A graduate of the University of Illinois College of Law, Ms. Lateef is licensed to practice in both Illinois and New York. She is also a member of the Federal Bar Council in New York.
In her spare time, Reema enjoys outdoor adventures like hiking and scuba diving, logging over 50 dives. She’s currently training for the 2025 New York Marathon.
Destiney Parker-Thompson
Destiney Parker-Thompson practices in the Corporate Restructuring and Bankruptcy Group at Baker Donelson in Raleigh, North Carolina. Destiney primarily represents financial services companies, lenders, and individuals in restructuring and insolvency matters, including collections, out-of-court workouts, and creditors’ rights issues.
Prior to joining Baker Donelson, Destiney clerked for Judge Craig T. Goldblatt on the U.S. Bankruptcy Court for the District of Delaware. She then worked briefly as a bankruptcy and restructuring finance associate in New York before accepting a one-year clerkship with Judge Tamika Montgomery-Reeves on the U.S. Court of Appeals for the Third Circuit.

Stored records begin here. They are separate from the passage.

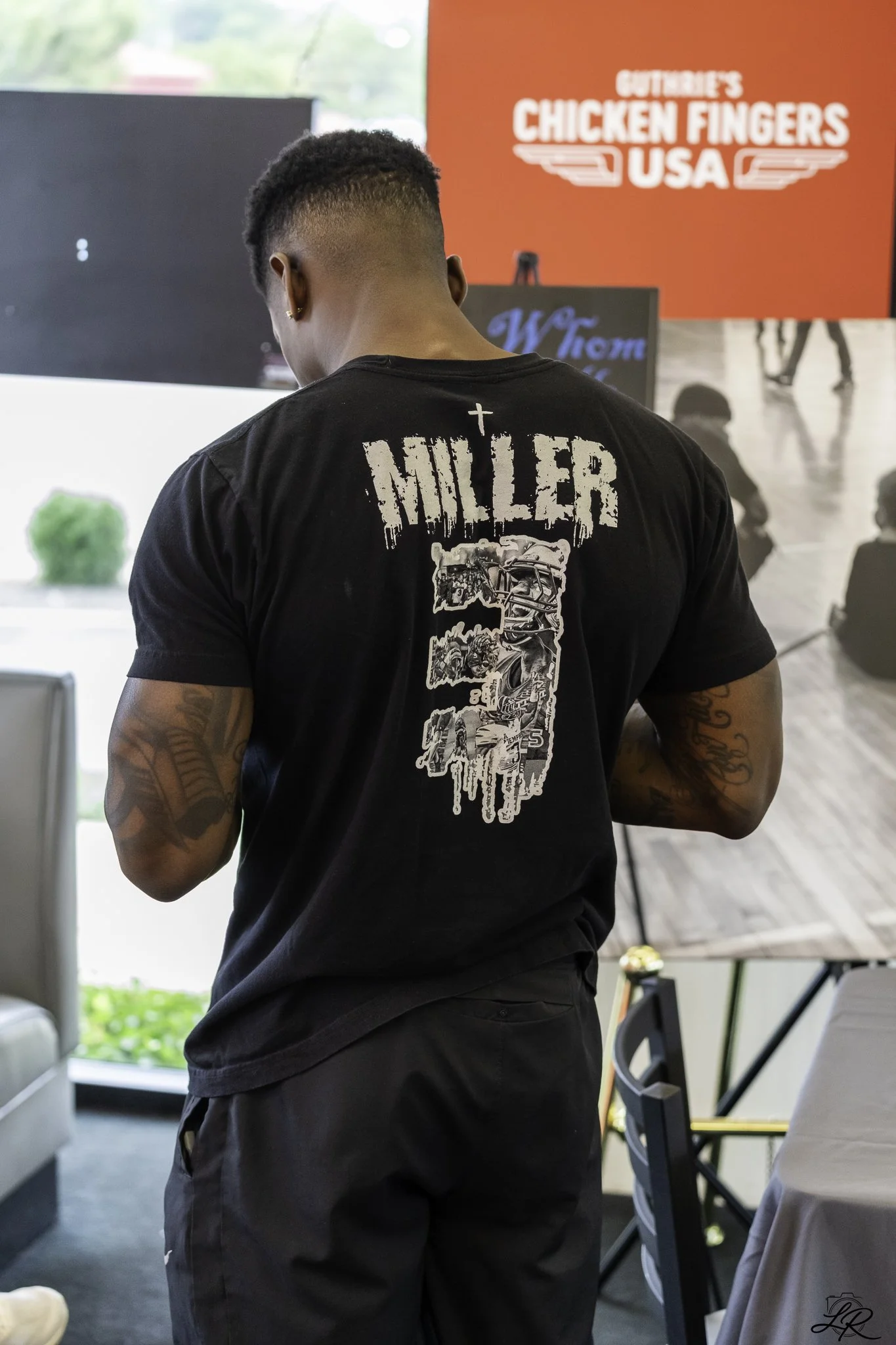 A person with short, black hair and tattoos on their arms, wearing a black t-shirt with the word "MILLER" and a graphic design on the back, standing indoors near a table, with a red sign that says "GUTHRIE'S CHICKEN FINGERS USA" in the background.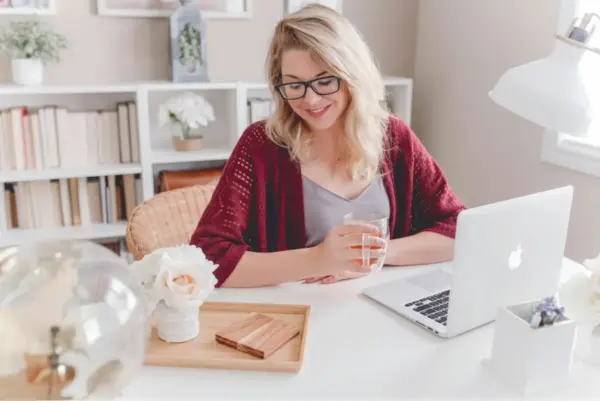 Chica en su oficina sonriendo con una taza de té en la mano con una sonrisa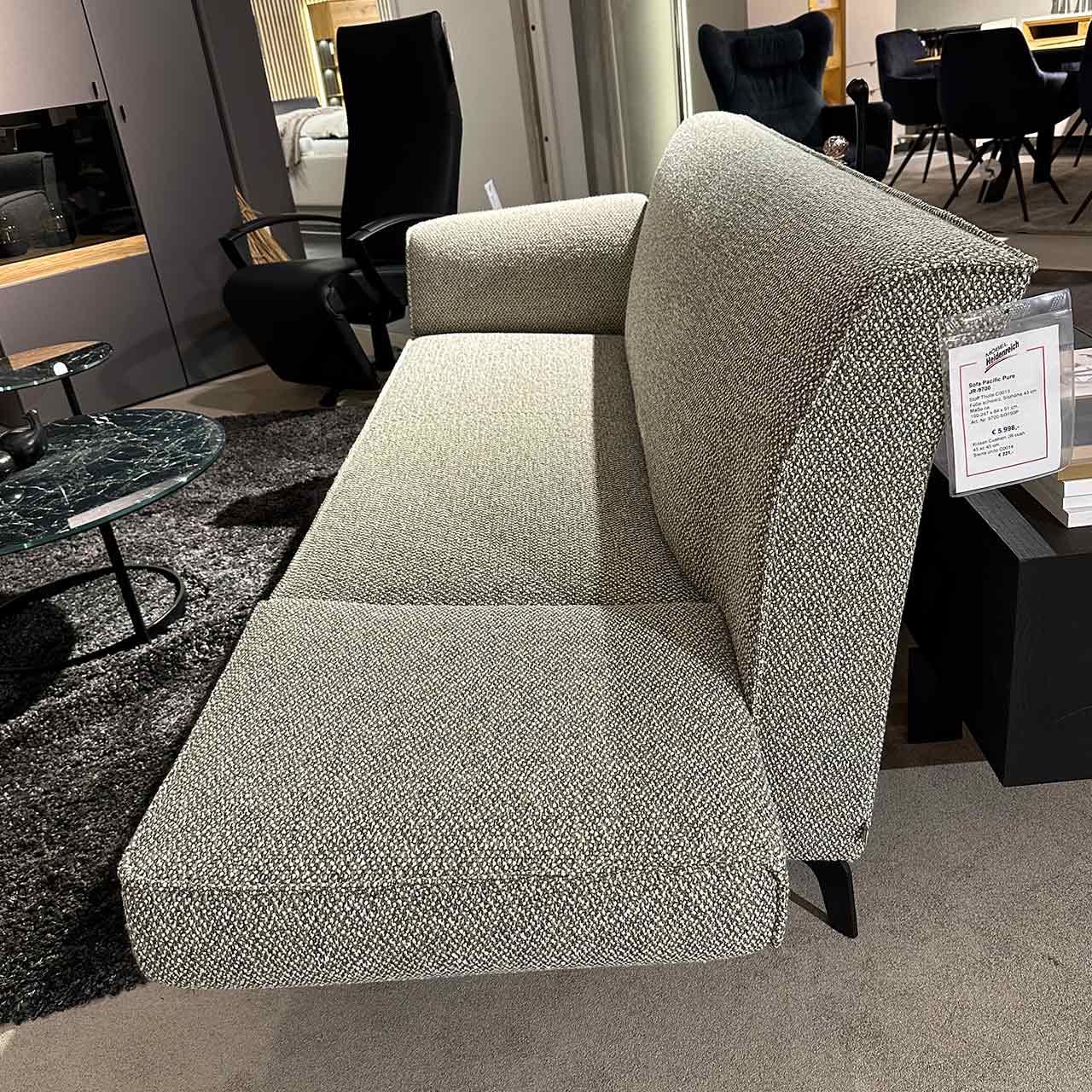 Gleiches Sofa, bei dem auf einer Seite die Armlehne abgeklappt ist auf gleiche Ebene wie die Sitzfläche.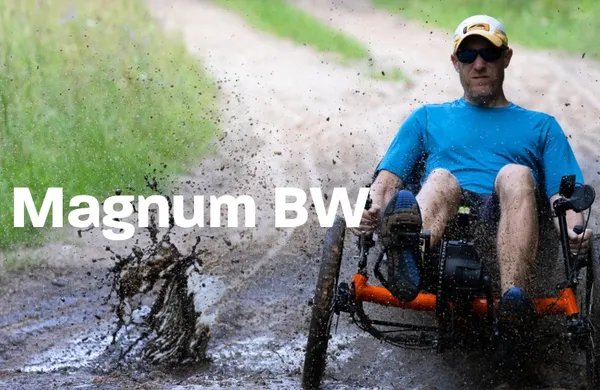 Rider charging through mud on a Greenspeed Magnum BW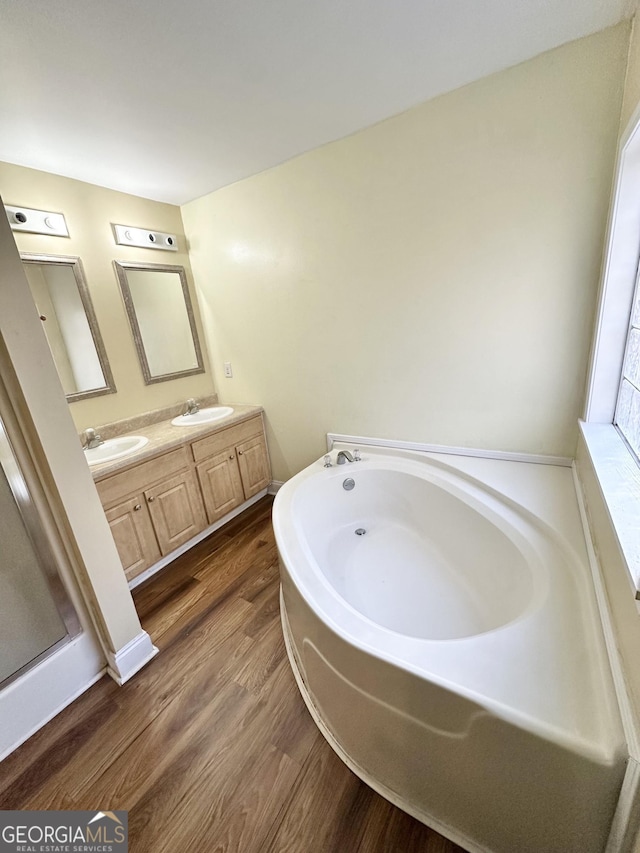 full bath featuring double vanity, a sink, a bath, and wood finished floors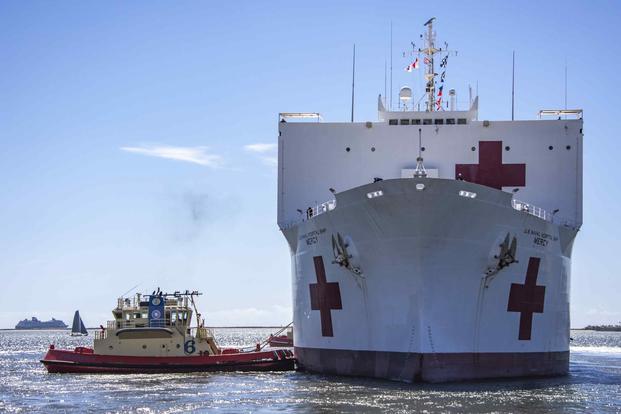 Military Sealift Command hospital ship USNS Mercy departs San Diego.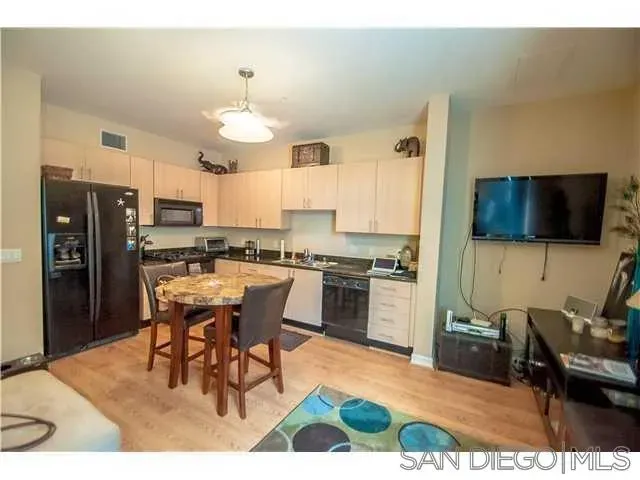 a kitchen with a dining table chairs stainless steel appliances and cabinets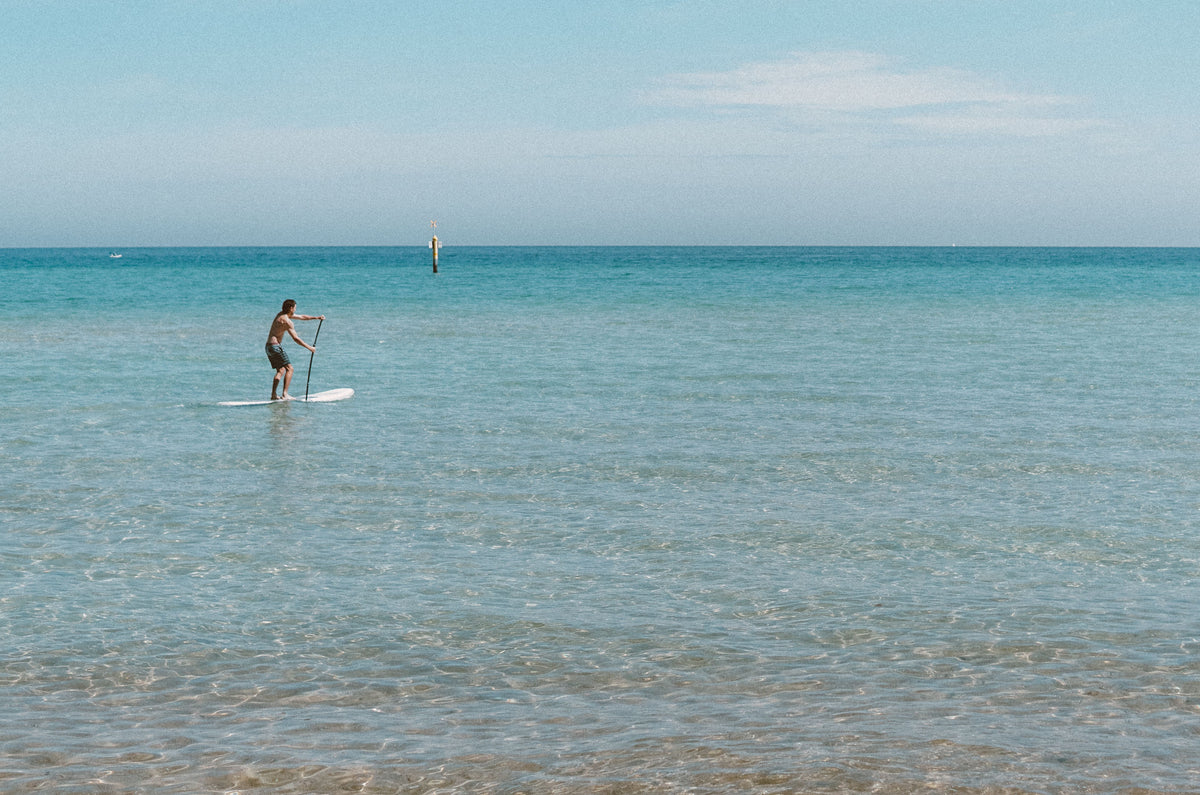 A man enjoying paddle boarding on calm, clear ocean waters under a bright blue sky.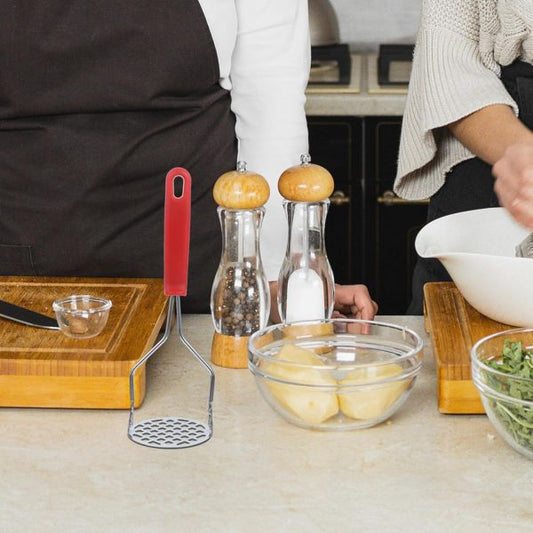 Kitchen counter with cooking utensils and ingredients, including a masher, bowls, and pepper grinders.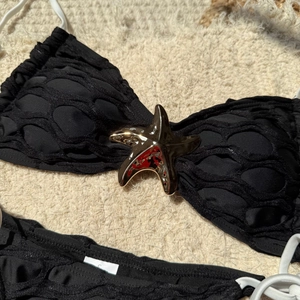 Macro detail of black mesh bikini top featuring a gold starfish charm on textured towel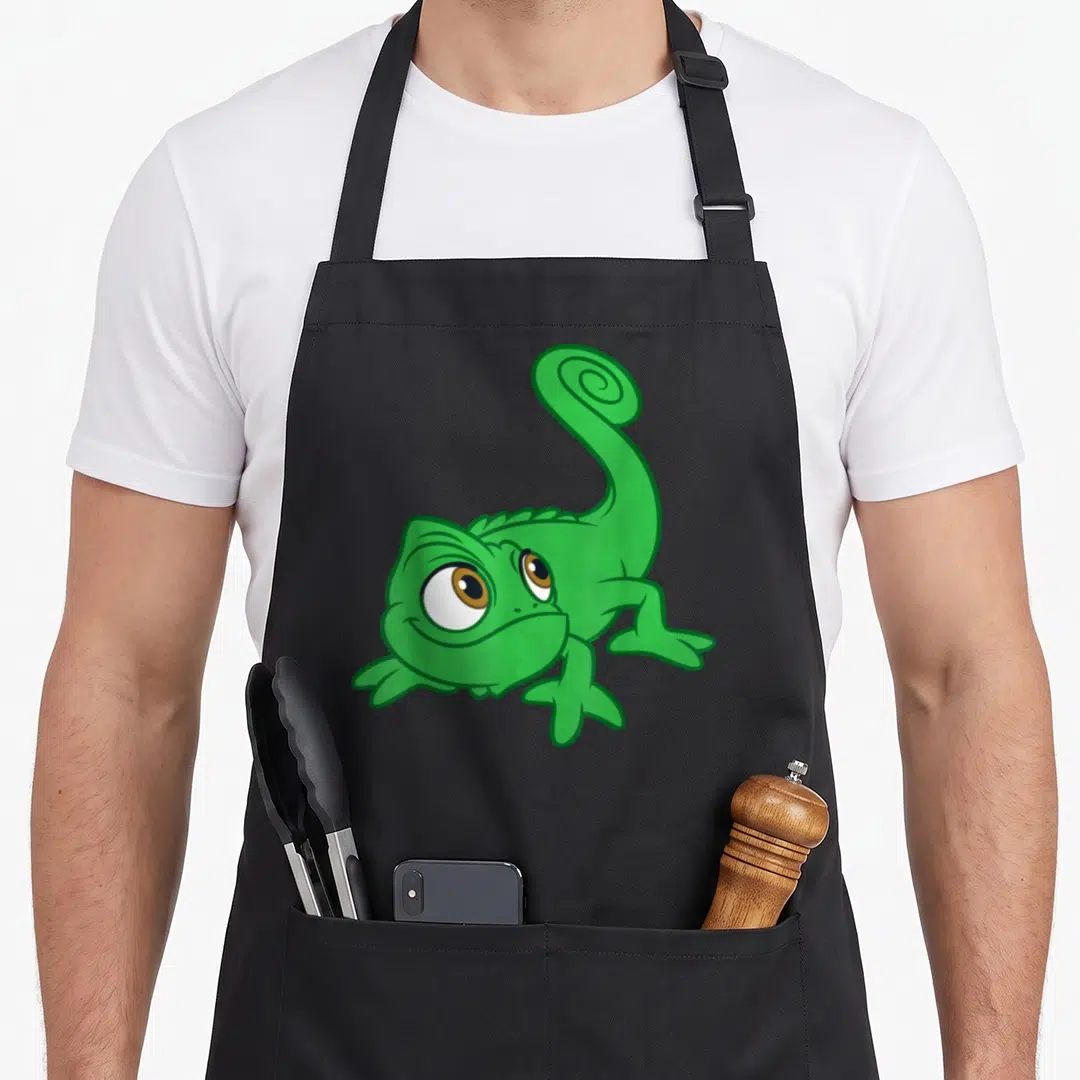 Pascal face apron - Green cartoon chameleon with large brown eyes and curled tail — shown on a black cotton canvas apron against a white background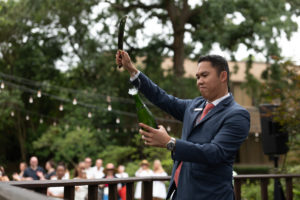 1.Houstonian Sommelier Dat Le sabers bubbly for the crowd (Photo by Daniel Ortiz)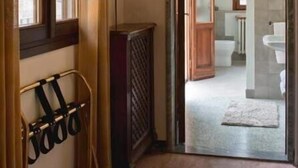 A hallway leading to a bathroom with a radiator, a towel rack, and a light fixture. - Dolce Rosa  Centro Storico (Sansepolcro)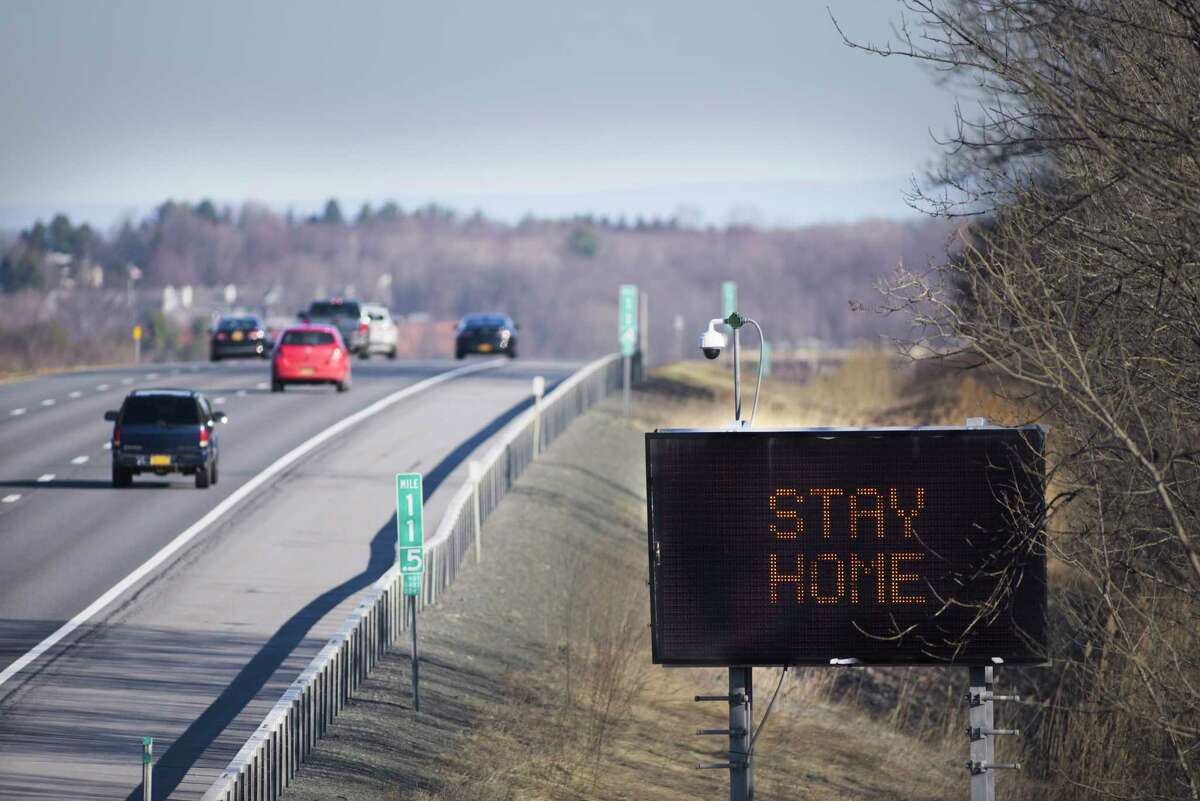 An electronic sign on the side of Interstate 90 westbound shows the message stay home on Wednesday, March 18, 2020, in East Greenbush, N.Y. (Paul Buckowski/Times Union)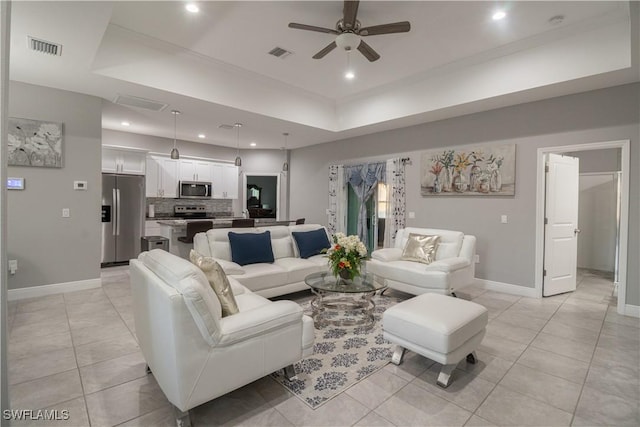 living room featuring a tray ceiling, light tile patterned flooring, and visible vents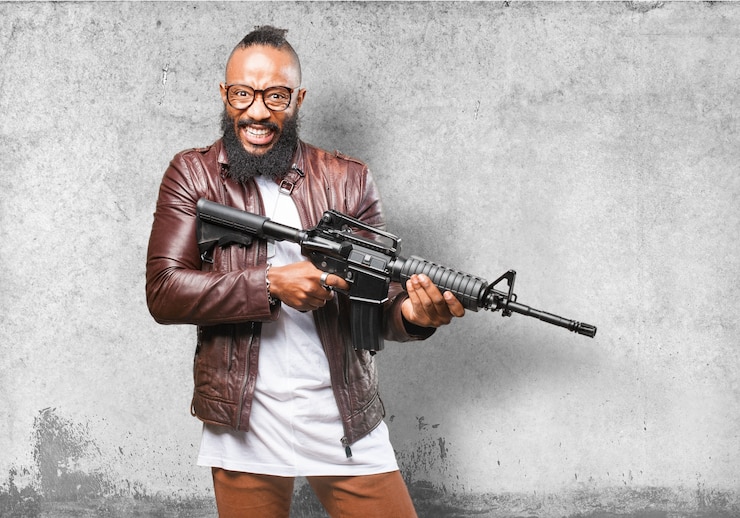 Photo gratuit l&#39;homme en riant tout en tenant une arme automatique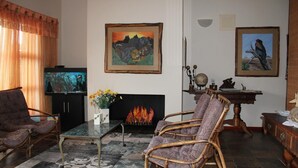 A living room with a fireplace, a television, and two framed paintings. - Marina Martinique B and B (Jeffreys Bay)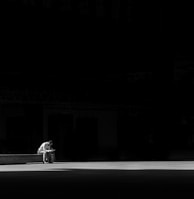 grayscale photogaphy of man sitting on concrete bench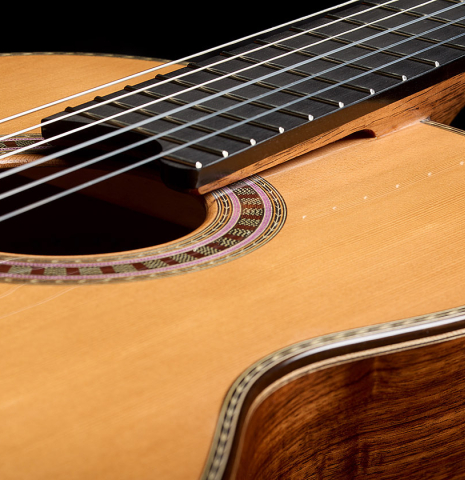 The elevated fingerboard and soundboard of a 2026 Wolfgang Jellinghaus "Signature CD/SP" classical guitar made of cedar/spruce and granadillo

Prior to becoming an attorney, Destiney worked across various industries, including retail, gaming, hospitality, and banking. With more than 10 years of work experience, and almost three years of learning from judges on two of our nation’s distinguished courts, Destiney enjoys using all that she has learned to solve complex issues and service clients at the highest level.
Destiney attributes all of the success that she has enjoyed to the network of people who generously give her their unwavering support, advice, and guidance. When Destiney is not dissecting various provisions of the Bankruptcy Code or consuming the latest headline from Bill Rochelle, she enjoys playing chess, fishing on the lake, watching NCAA football, and defending her title as the reigning “Scattergories” champion against her husband and two children.